• Work item
Only lines that contain the word "Sinaloa" belong in the answer; copy them from the records below.
======== Provided data
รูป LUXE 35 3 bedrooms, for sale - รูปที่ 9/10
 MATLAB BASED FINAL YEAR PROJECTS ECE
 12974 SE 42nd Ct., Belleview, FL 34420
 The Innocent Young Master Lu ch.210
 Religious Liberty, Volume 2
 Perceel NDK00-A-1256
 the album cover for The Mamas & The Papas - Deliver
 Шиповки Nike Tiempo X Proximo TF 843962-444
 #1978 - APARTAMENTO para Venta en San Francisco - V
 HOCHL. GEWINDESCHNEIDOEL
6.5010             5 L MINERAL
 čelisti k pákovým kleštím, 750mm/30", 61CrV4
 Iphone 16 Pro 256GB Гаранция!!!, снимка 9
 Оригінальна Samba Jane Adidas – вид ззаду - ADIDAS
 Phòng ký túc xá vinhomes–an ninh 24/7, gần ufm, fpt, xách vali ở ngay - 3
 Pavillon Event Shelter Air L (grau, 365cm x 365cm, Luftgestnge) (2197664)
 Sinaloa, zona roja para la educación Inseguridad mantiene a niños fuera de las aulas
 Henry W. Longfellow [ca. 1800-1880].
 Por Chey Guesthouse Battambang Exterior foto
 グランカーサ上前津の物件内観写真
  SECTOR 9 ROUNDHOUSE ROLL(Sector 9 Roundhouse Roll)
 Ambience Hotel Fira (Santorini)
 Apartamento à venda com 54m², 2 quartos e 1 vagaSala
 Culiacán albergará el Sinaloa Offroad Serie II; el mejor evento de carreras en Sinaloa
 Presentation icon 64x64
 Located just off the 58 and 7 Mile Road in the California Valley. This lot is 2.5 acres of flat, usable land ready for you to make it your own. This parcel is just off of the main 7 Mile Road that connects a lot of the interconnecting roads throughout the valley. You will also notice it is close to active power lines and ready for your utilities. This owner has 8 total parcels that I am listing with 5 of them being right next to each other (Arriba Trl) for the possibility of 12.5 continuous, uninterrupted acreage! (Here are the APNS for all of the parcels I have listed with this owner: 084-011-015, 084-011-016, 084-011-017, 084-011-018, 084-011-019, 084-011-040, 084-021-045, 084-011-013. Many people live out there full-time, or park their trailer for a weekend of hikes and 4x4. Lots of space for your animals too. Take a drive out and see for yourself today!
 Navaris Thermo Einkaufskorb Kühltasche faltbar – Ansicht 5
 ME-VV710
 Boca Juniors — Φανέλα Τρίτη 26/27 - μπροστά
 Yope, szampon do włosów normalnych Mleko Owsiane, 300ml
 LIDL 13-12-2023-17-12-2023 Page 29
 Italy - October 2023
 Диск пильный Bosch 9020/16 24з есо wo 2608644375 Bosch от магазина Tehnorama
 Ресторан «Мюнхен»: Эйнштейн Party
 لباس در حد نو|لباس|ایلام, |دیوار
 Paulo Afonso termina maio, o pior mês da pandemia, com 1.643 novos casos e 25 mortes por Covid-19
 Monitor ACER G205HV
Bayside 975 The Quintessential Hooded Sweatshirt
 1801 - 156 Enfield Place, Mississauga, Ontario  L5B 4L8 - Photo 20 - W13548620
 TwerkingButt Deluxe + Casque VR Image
================
• Answer box
 Sinaloa, zona roja para la educación Inseguridad mantiene a niños fuera de las aulas
 Culiacán albergará el Sinaloa Offroad Serie II; el mejor evento de carreras en Sinaloa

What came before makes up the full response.